Gerekçesi ne olursa olsun, Türkiye'nin insan hakları ile ilgili girişimlerin dışında kalması veya ona karşı çıkması, bizce çok ters bir davranış.
Başbakan Erbakan'ın iki dış gezisinde de, uluslararası camiada insan hakları ihlalleri nedeni ile mimlenen ülkeleri ziyaret etmesinin ardından BM'de sergilenen tavır, açıkçası demokratik Türkiye imajına gölge düşürüyor.
Dışişleri Bakanı Çiller'in önceki gün, Londra'da Sırbistan'daki gösterilerle ilgili bir soruyu yanıtlarken "bu onların iç işidir" demesi de, doğrusu soğuk duş etkisi yaptı. Şu sırada tüm dünya (Bosna konusundaki Londra Konferansı'nda da görüldüğü gibi), Sırbistan'daki insan hakları konusu ile çok yakından ilgili.
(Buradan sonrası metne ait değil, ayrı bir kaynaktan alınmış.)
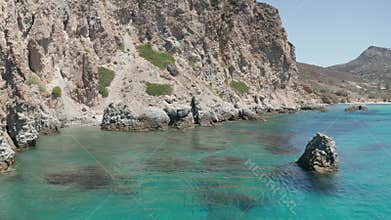 Slow Dolly Aerial in between rock fomations in Turquoise Blue Ocean Water on Greek Island Milos
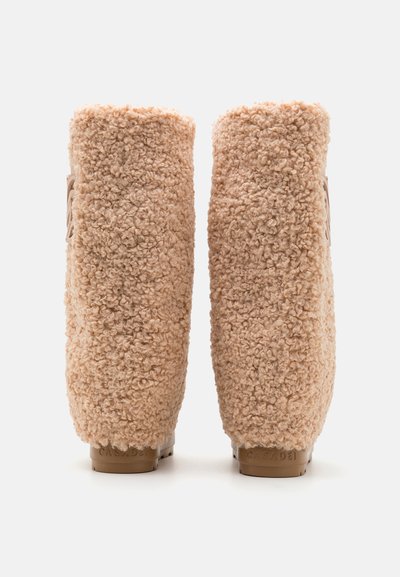 Beige nahkaherranjalkineet, joissa on teksturoitu pinta, pyöreä varvas ja tasainen kumipohja. Kantapäässä lukee "CASADEI."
O kadar ki, konferansın bitiminde, Bosna Koordinatörü Carl Bildt dünya basınına şöyle dedi: "İnsan hakları herkesi ilgilendiren bir meseledir. Bunu bir ülkenin iç işi saymak mümkün değildir."
Hükümet, dış politikada da insan hakları konusunda takındığı tavrın evrensel eğilime ters düştüğünün farkında mı?